母がスープ鍋の火を止めて薬草の検品を始める。
「うん、完璧! よく出来ました。じゃあ、これは家の裏で干しておいて。それと、ご飯を食べたら一昨日干していた分をお爺ちゃんの作業小屋へ持って行ってね」
ライラの祖父は村の薬師である。アラヴィス山でとれる薬草を煎じて薬にすることを半世紀に渡って仕事にしてきた。若い時分は、この村で一番の変人であり天才でもあった。彼を慕って女共が寄ってくれば「生涯子供が出来なくなる薬をお前の為に煎じてやろうか?」などと言ってからかうような有様で、やがて誰も彼に近付かなくなった。しかし、40を過ぎたある日のことである。気紛れに「この仕事は村にとって必要なこだが、いつか自分が死んであしまえば、誰も継ぐ者が居なくなるではないか」と考えた。そこで彼は煎じた薬を入れる袋に「嫁が欲しい」と書いた紙を挟むようにした。すると村は、村一番の元気な娘を供物のように彼に捧げたのである。娘は元気な息子を産み、子供が手離れする位まで育てると、流行り病にかかって死んでしまった。
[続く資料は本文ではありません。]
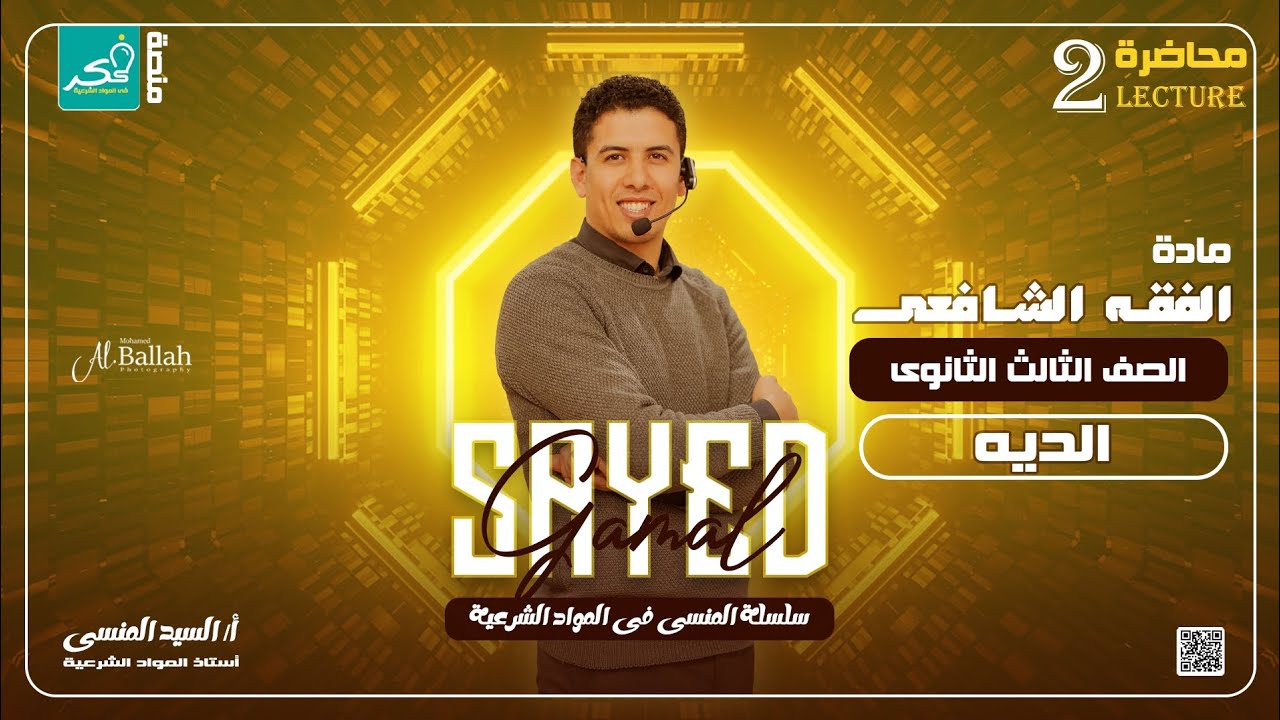 شرح درس الدية لطلاب الصف الثالث الثانوي الادبي 👌🔥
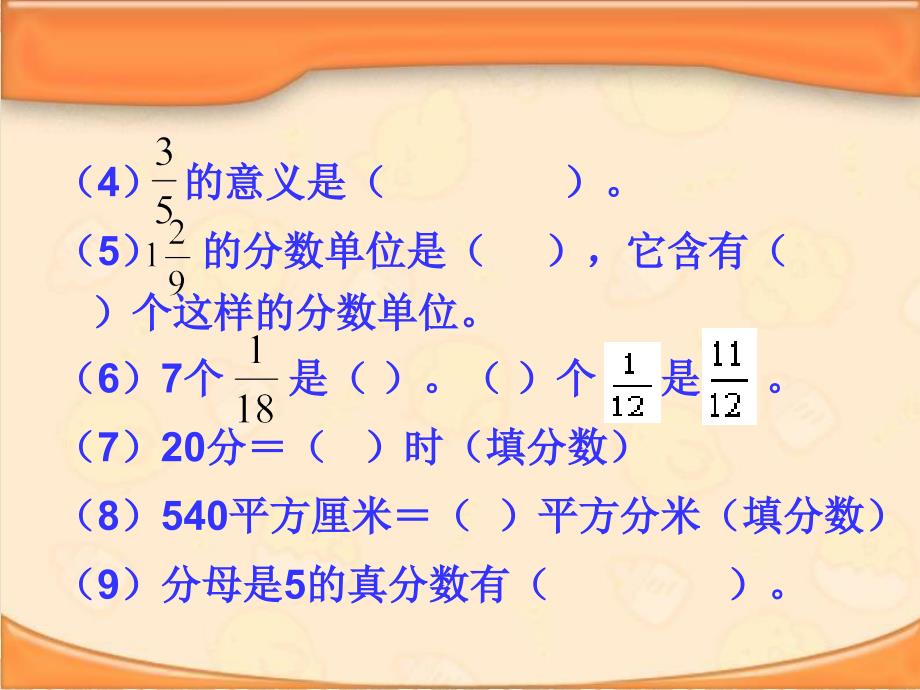 人教版五年级下册数学分数的意义和性质--整理与复习练习_第4页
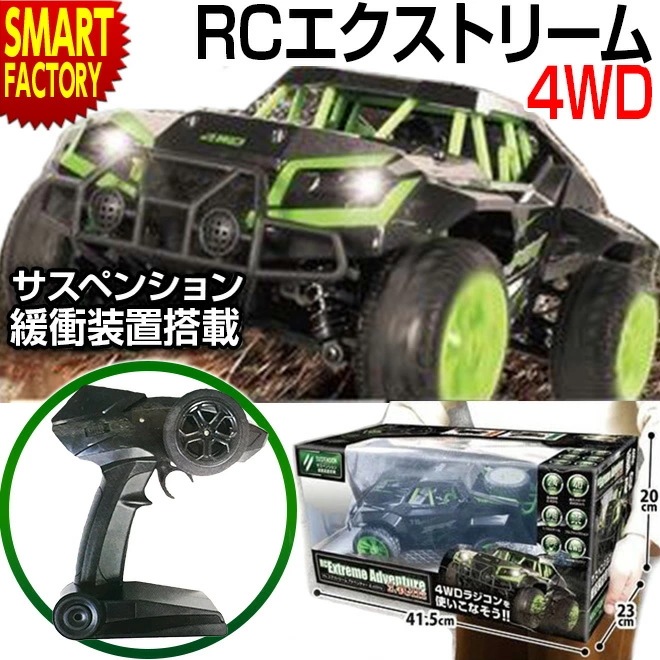 ラジコン オフロード 4WD ラジコンカー RCエクストリームアドベンチャー2.4GHz 人気 自動車 かっこいい RC RCカー アウトドア 室内遊び 外遊び 男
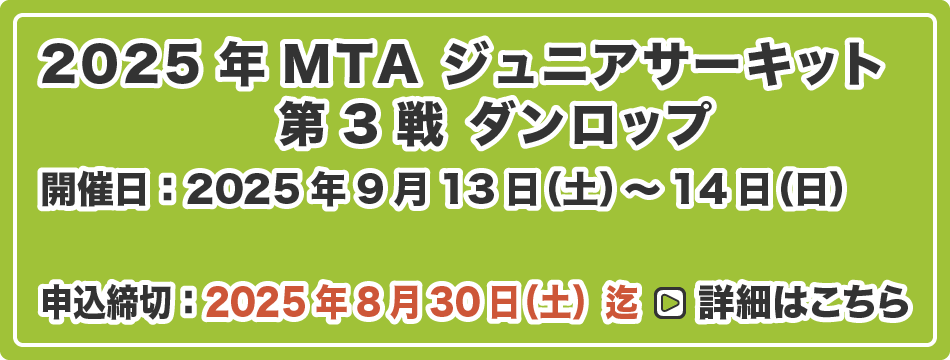MTA ジュニアサーキット 第3戦 ダンロップカップ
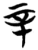 辛(简·楚〔战国〕·包山)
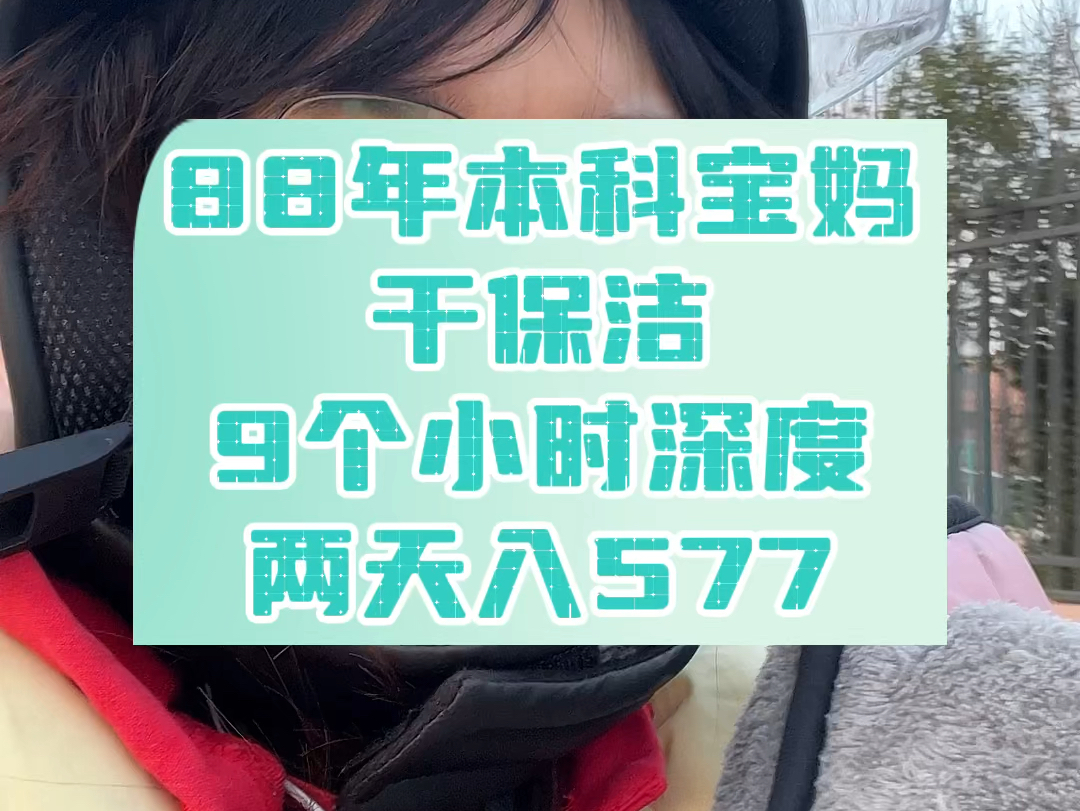 88年本科宝妈干保洁,今天9个小时,住了12年的房子,东西很多,一天两人只干了客厅洗手间和厨房,下周二接着去~#日常vlog #悦居保洁 #悦居团队 #悦居...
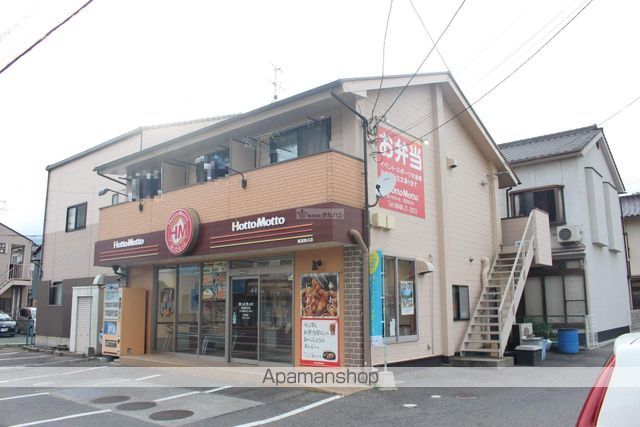 飲食店　ほっともっと尾道新浜店（飲食店）まで1678m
ライラの祖母、彼女は死に際「変な結婚だったし、はじめは戸惑ったけれども、今は自信を持って言える。私はこの村で誰よりも幸せだった。でも、心残りがひとつだけ有るわ。あなた達とまだまだ一緒に生きていたかった……」と言い残した。 彼は、それを聞いた、その夜、一晩中泣いていた。爺さんが泣いているのを見たのはあとにも先にもそれ一回だけだったと言う。ともかく、ライラの爺さんは薬剤師をしている。「薬の勉強をさせるために首都にやったら薬師の嫁を連れて帰ってきて、自分は動物の面倒ばかり見ている。死んだアイツに似て賢くなり過ぎたわい」と悪態ばかりついているジジイである。ライラはこのとっつき辛いジジイが好きであった。